EXERCISE PROMPT
Transcribe all of the data verbatim, please, and leave out its pictures.

--------------------------------

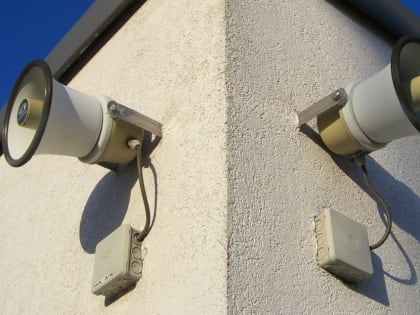 В Краснодаре пройдет тестирование системы оповещения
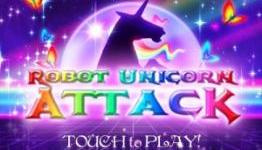 The Electronic Farmyard Review: Robot Unicorn Attack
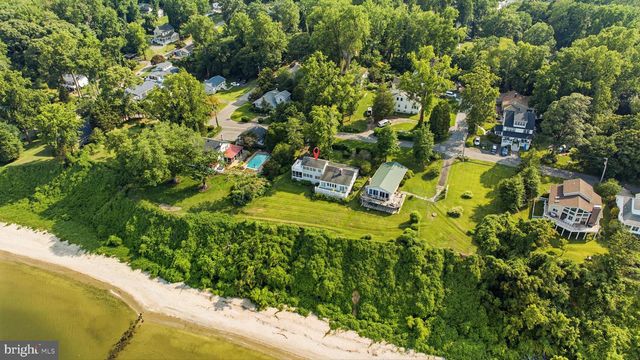 5424 BEACH DR, Saint Leonard, MD 20685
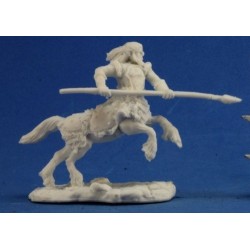 Male Centaur (Reaper Bones)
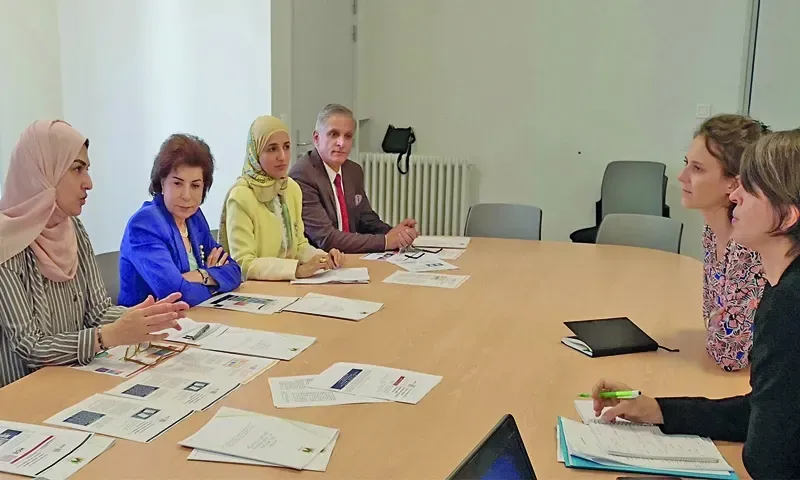Supreme Council highlights Bahraini women’s progress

--------------------------------

YOUR SOLUTION
 В Краснодаре пройдет тестирование системы оповещения
 The Electronic Farmyard Review: Robot Unicorn Attack
 5424 BEACH DR, Saint Leonard, MD 20685
 Male Centaur (Reaper Bones)
Supreme Council highlights Bahraini women’s progress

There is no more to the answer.